The children were interviewed again two years later. Nearly 90 per cent of the memories initially offered by those ten and older were retained. But the younger children had gone blank. “Even when we prompted them about their earlier memories, they said, ‘No, that never happened to me,’” Peterson said. “We were watching childhood amnesia in action.”

In both children and adults, memory is bizarrely selective about what adheres and what falls away. In one of her papers, Peterson tells a story about her own son. When he was 20 months old, she had taken him to Greece, where he became very excited about some donkeys. They discussed the donkeys for at least a year. But by the time her son went to school, he had completely forgotten about them. He was queried when he was a teenager about his earliest childhood memory. Instead of the donkeys, he recalled a moment not long after the trip when a woman had given him lots of cookies.

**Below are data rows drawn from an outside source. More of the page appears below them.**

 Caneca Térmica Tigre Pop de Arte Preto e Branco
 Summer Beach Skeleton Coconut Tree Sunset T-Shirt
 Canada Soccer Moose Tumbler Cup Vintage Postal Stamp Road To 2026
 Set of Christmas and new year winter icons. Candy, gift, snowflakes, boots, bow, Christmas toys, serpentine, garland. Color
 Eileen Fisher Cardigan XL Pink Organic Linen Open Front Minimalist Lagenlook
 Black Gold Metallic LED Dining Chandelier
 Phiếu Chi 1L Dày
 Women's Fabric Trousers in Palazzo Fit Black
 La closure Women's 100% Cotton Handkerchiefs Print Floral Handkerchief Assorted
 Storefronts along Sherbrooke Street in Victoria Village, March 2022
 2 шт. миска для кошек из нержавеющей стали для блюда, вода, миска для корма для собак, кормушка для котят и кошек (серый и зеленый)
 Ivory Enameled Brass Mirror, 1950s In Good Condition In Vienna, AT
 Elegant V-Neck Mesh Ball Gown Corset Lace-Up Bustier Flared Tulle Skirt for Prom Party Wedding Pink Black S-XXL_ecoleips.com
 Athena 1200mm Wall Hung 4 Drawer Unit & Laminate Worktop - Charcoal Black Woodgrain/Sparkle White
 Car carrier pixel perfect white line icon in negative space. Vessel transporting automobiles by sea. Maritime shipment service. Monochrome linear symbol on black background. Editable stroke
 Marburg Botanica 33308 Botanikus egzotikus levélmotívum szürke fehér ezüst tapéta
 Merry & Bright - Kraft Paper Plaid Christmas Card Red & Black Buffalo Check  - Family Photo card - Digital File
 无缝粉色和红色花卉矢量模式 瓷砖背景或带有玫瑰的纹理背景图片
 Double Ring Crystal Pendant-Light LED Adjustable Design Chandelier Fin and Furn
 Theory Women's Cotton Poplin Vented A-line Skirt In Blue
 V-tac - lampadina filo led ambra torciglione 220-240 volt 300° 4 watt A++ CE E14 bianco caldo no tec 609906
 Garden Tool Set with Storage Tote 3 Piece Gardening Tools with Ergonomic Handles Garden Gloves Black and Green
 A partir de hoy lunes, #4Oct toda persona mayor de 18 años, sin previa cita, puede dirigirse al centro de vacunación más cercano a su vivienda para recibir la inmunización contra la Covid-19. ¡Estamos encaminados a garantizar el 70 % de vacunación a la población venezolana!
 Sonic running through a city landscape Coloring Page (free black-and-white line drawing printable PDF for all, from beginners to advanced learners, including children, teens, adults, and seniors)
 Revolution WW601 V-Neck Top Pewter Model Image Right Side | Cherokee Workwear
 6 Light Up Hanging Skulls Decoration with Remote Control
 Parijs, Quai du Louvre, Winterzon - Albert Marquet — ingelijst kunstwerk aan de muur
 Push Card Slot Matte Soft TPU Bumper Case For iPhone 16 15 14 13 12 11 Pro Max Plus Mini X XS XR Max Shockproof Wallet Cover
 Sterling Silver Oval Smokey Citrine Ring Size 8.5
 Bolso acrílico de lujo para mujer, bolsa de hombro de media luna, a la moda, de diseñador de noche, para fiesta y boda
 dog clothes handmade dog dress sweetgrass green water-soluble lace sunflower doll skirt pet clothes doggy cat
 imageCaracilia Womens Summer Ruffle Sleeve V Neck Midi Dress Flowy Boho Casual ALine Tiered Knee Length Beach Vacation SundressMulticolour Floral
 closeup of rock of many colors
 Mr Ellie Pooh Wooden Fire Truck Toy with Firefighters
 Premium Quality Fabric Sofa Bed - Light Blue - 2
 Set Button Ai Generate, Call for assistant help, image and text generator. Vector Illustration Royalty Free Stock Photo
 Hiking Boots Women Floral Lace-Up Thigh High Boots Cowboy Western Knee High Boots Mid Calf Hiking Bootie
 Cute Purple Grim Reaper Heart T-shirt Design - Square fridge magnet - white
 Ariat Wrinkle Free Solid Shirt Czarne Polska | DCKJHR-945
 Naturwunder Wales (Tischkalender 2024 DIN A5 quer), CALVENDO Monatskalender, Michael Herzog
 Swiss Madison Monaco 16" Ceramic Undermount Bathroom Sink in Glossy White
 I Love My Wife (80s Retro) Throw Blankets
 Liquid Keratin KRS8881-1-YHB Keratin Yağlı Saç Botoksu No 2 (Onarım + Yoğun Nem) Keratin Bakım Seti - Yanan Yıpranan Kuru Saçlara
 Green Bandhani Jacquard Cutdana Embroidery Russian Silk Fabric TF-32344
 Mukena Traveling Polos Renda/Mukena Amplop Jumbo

Peterson has no idea why he would remember that – it was an unremarkable moment that the family hadn’t reinforced with chitchat. To get a handle on why some memories endure over others, she and her colleagues studied the children’s memories again. They concluded that if a memory was very emotional, children were three times more likely to retain it. Dense memories – in which the kids understood the who, what, when, where and why – were five times more likely to be retained than disconnected fragments. Still, oddball and inconsequential memories, such as a bounty of cookies, will hang on, frustrating the person who wants a more penetrating look at his or her early past.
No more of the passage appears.